Saturday, January 29, 2005

A Little West Brain Thinking:

Sorry to be late this week; I've been on California time, attending my annual web guru potlatch in San Francisco. Nice place to take a few extra days to recover from "Death by Powerpoint," the unofficial theme of all modern conferences, it seems. Terry and I took in the Muir Woods on Monday. What a comfort, in one's fifties, to walk among beings that are more than a thousand years old. They're a little shaggy, fire-scarred and crack-limbed--but so are we. And we visited Golden Gate Park and the Haight a few decades later than originally planned, but the 200-year-old bronze Buddha in the Japanese Tea Garden hadn't budged an inch. City Lights is still full of great books, the Stinking Rose still serves chicken roasted with forty cloves of garlic, and Chinatown's designer still exhibits a marked preference for red and gold. And of course the godstruck, the addled and the addicted still carry their many hungers through the blessedly mild streets, bumming bucks, butts, and burgers, talking to the air, and providing a much-needed route to salvation for the affluence-afflicted.

Thursday, January 20, 2005

Monk Work:

One of the disadvantages of working online is that it is short on the meditative qualities that distinguish other kinds of labor. Best for me was letterpress printing, hand-feeding paper into an antique cast iron press--a sort of nine-hundred pound prayer wheel. Unlike the conventional spiritual aid, if you lose your meditative focus at the press, your hand will resemble a ping-pong paddle made of meat--a somewhat Darwinian prayer wheel, I guess. I was privileged to watch the Venerable Tenzin Yignyen on his previous visit to St. Lawrence as he and fellow monks spent two weeks constucting a Kalachakra Mind sand mandala. The work itself was sufficiently astonishing. But doubly so when you realize that the raw material is not colored sand, but lumps of semi-precious stone, which are ground into sand with hand tools that deposit a few grains at a time onto the design. Talk about baking from scratch! And when the work is complete--they sweep it away with brushes for disposal. So goes all human labor, meditative or otherwise.

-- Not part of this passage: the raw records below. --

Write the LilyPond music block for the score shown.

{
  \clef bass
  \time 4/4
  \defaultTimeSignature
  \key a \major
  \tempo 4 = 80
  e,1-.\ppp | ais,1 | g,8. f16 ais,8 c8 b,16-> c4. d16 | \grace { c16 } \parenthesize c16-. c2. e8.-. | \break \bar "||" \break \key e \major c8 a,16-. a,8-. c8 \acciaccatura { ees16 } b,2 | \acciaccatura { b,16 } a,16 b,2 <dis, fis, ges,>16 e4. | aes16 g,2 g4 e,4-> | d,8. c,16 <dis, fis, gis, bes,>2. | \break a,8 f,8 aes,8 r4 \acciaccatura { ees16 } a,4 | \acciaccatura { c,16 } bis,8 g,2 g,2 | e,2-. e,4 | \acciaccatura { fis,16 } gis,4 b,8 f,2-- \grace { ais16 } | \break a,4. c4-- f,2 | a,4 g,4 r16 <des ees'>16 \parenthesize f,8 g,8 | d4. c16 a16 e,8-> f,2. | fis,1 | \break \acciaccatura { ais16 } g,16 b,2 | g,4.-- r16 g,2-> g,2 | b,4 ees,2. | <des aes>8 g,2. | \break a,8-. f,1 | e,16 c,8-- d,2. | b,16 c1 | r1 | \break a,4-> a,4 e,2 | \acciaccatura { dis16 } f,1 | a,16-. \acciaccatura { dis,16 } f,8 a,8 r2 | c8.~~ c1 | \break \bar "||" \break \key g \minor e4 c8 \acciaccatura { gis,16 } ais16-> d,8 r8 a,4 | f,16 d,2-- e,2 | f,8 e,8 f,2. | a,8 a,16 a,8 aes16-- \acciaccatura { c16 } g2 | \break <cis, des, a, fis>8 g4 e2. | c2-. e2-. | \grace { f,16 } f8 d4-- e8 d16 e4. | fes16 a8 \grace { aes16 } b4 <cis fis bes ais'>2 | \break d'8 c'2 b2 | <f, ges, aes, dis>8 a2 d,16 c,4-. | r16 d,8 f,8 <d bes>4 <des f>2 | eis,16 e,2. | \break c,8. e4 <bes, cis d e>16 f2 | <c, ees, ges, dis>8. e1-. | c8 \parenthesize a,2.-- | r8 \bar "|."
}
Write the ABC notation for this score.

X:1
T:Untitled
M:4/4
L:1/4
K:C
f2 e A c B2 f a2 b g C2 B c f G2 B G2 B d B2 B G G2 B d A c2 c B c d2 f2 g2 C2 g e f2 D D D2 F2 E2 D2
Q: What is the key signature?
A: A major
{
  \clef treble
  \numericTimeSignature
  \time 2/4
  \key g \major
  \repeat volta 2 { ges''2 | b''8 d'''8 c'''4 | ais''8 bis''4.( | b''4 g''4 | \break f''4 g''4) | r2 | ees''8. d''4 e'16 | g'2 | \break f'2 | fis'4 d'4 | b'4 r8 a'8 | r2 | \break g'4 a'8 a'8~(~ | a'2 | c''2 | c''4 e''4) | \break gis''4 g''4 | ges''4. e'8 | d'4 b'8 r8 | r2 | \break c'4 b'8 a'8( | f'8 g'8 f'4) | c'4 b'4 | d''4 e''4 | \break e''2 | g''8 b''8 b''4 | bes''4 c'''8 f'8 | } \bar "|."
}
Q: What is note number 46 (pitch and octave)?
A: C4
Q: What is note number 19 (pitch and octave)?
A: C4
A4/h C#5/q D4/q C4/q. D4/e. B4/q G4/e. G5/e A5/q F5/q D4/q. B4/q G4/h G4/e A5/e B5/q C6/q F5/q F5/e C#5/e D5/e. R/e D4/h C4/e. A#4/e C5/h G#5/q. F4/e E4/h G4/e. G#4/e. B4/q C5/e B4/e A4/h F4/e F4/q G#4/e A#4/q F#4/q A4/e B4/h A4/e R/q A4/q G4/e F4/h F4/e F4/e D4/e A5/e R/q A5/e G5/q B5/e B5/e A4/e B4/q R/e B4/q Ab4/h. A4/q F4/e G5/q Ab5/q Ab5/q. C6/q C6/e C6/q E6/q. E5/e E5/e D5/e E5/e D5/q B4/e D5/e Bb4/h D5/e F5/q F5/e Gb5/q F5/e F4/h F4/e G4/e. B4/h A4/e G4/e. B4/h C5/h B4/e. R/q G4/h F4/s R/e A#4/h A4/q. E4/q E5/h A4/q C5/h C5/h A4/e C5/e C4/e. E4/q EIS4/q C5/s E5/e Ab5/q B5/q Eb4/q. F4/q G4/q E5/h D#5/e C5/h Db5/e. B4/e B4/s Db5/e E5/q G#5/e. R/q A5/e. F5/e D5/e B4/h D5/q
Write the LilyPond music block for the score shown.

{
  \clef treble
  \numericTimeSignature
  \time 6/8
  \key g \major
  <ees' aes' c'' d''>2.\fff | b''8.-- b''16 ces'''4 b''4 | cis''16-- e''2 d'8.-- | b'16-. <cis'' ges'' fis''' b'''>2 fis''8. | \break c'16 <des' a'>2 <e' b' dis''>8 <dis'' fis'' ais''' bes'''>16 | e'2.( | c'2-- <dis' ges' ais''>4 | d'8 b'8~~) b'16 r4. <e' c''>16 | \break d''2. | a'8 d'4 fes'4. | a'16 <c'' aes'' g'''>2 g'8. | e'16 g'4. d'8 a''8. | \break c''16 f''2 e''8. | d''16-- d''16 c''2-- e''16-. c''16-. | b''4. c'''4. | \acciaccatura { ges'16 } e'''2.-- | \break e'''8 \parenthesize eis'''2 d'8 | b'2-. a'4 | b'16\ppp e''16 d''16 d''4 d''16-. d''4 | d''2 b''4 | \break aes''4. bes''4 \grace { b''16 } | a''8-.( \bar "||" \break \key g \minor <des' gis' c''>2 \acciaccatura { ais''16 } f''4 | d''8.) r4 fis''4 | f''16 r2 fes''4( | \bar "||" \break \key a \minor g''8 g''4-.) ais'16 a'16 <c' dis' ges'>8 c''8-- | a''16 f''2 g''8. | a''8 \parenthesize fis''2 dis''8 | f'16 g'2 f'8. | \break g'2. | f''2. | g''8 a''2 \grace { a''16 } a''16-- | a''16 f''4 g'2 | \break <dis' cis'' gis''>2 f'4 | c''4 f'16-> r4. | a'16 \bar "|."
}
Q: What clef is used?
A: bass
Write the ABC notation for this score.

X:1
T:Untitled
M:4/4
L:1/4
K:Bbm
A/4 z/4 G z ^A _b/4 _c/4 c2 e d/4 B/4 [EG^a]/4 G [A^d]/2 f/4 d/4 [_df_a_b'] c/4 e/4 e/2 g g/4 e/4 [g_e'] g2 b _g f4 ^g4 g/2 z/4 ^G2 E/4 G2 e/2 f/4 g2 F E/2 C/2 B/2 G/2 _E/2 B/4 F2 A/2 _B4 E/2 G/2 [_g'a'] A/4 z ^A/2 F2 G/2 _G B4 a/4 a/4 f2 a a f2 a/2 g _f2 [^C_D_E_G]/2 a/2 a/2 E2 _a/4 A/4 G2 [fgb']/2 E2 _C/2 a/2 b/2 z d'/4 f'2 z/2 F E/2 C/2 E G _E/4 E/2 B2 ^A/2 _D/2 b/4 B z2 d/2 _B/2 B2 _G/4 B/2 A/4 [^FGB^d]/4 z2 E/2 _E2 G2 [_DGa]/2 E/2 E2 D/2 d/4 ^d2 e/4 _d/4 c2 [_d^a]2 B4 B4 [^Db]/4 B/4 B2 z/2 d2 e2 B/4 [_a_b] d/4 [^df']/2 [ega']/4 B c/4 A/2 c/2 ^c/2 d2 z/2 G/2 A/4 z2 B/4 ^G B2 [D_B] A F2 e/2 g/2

Thursday, January 13, 2005

A Foretaste:

Are days such as today, that seem to be borrowed from spring, subtracted from summer, like a school that has had too many snow days? Worth it even so, to put the parka back in closet for once, and walk without space suit upon the land. If it weren't for the occasional January thaw, the North Country suicide rate would soon reach Scandinavian proportions. And that warm wind blowing through the dark, indistinguishable from the April evening where you lie awake listening to the storm windows rattle, waiting to hear the moment when the ice cuts loose on the river with a long rolling roar. Pity about tomorrow, and the snow-locked months to come--but today...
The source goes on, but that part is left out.